**EXERCISE DIRECTIONS**
Among the entries below, copy every line that carries the word "Jewelry".

BEGIN

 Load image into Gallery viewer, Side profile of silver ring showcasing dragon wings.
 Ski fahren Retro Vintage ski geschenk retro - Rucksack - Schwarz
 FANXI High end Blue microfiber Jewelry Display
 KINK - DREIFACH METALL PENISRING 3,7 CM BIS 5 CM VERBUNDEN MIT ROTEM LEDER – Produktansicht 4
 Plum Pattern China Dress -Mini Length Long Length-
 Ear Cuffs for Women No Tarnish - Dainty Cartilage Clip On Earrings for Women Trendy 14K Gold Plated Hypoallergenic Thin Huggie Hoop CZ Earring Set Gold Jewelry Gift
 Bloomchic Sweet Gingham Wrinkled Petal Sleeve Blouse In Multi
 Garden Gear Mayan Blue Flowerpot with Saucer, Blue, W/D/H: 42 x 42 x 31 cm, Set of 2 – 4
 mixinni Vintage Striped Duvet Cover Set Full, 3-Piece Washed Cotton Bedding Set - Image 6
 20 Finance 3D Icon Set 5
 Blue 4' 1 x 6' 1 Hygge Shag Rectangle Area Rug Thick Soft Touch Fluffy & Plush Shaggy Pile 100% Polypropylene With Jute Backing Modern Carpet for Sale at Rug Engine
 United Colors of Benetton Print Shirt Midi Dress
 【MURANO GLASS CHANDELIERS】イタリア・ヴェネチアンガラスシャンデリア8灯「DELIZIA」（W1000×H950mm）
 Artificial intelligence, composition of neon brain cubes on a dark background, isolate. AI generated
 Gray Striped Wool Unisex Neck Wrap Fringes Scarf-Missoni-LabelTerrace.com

END

**THE COMPLETED TASK**
 FANXI High end Blue microfiber Jewelry Display
 Ear Cuffs for Women No Tarnish - Dainty Cartilage Clip On Earrings for Women Trendy 14K Gold Plated Hypoallergenic Thin Huggie Hoop CZ Earring Set Gold Jewelry Gift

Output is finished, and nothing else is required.